Datastream put together the numbers as of the end of June (chart below). The S&P 500, pulling out the ‘AI Boom Stocks’ is roughly unchanged for the first 6 months of 2023. Normally when a new bull market takes hold the rally is broad based, and typically led by small cap stocks, this is not the case today.

Artificial Intelligence as an industry and capability is in its’ infancy. It has a long way to go before its’ impact is meaningful. This reminds me of the internet boom of the late 90’s where many amazing developments over the coming decade, but they took place after the initial hysterical bubble burst.

JP Morgan points out below that the largest 10 stocks in the S&P 500 have regained their 2021 market share of the S&P 500 Index but their contributions to earnings have continued to slide over the past 18 months. Prices are up but their earnings contribution is falling. I think that this price action is unsustainable.

Another note of caution is the relationship between interest rates and the NASDAQ (which is dominated by technology stocks). The Capital Asset Pricing Model outlines the relationship between stock prices and interest rates, low rates generally equate to higher stock valuations and vice versa. Below Crescat Capital and Bloomberg chart this dynamic. As rates go up prices go down. The red line is the 10 year Treasury inverted [the red line moving down is the 10 year treasury moving up). We see that in 2021 and 2022 as rates went up the NASDAQ struggled. In March this relationship was broken due to the Artificial Intelligence frenzy. Interest rates continue to move up and in my opinion I see tech stocks falling, returning to their normal relationship with interest rates.

Conclusion

In my opinion caution is warranted. Investors within 10 years of retirement should reassess their exposure to highly valued stocks within their portfolios.

LPL 474378-1

DEFINITIONS

10 Year Treasury Note and Yield – The 10-year Treasury note is a debt obligation issued by the United States government with a maturity of 10 years upon initial issuance. A 10-year Treasury note pays interest at a fixed rate once every six months and pays the face value to the holder at maturity. The U.S. government partially funds itself by issuing 10-year Treasury notes.

NASDAQ 100 Index - The NASDAQ-100 is a stock market index made up of 103 equity securities issued by 100 of the largest non-financial companies listed on the Nasdaq stock market. It is a modified capitalization-weighted index. The stocks' weights in the index are based on their market capitalizations, with certain rules capping the influence of the largest components. It is based on exchange, and it does not have any financial companies. The financial companies were put in a separate index, the NASDAQ Financial-100.

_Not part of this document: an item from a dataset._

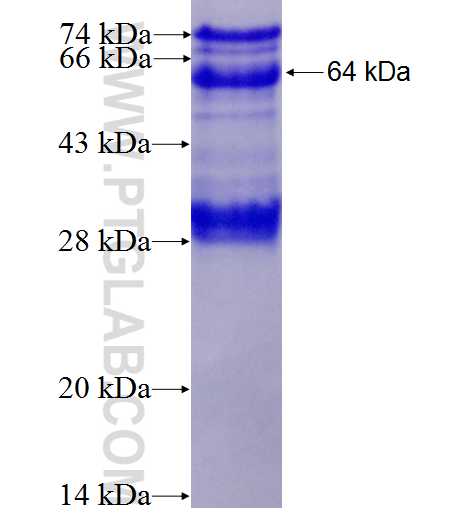 BIN2 fusion protein Ag5502 SDS-PAGE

NASDAQ Composite Index - is the market capitalization-weighted index of over 2,500 common equities listed on the Nasdaq stock exchange. The types of securities in the index include American depositary receipts, common stocks, real estate investment trusts (REITs) and tracking stocks, as well as limited partnership interests. The index includes all Nasdaq-listed stocks that are not derivatives, preferred shares, funds, exchange-traded funds (ETFs) or debenture securities.

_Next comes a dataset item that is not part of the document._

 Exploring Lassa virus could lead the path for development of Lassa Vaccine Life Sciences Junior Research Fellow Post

S&P 500 Index - The modern design of the S&P 500 stock index was first launched in 1957. Performance back to 1950 incorporates the performance of predecessor index, the S&P 90. The index is a capitalization weighted index of the 500 large companies listed on various stock exchanges (such as the NYSE or NASDAQ). The S&P 500 was developed and continues to be maintained by S&P Dow Jones Indices, a joint venture majority-owned by S&P Global. The S&P 500 differs from the Dow Jones Industrial Average and the NASDAQ Composite index, because of its diverse constituency and weighting methodology. It is one of the most followed equity indices, and many consider it one of the best representations of the U.S. stock market.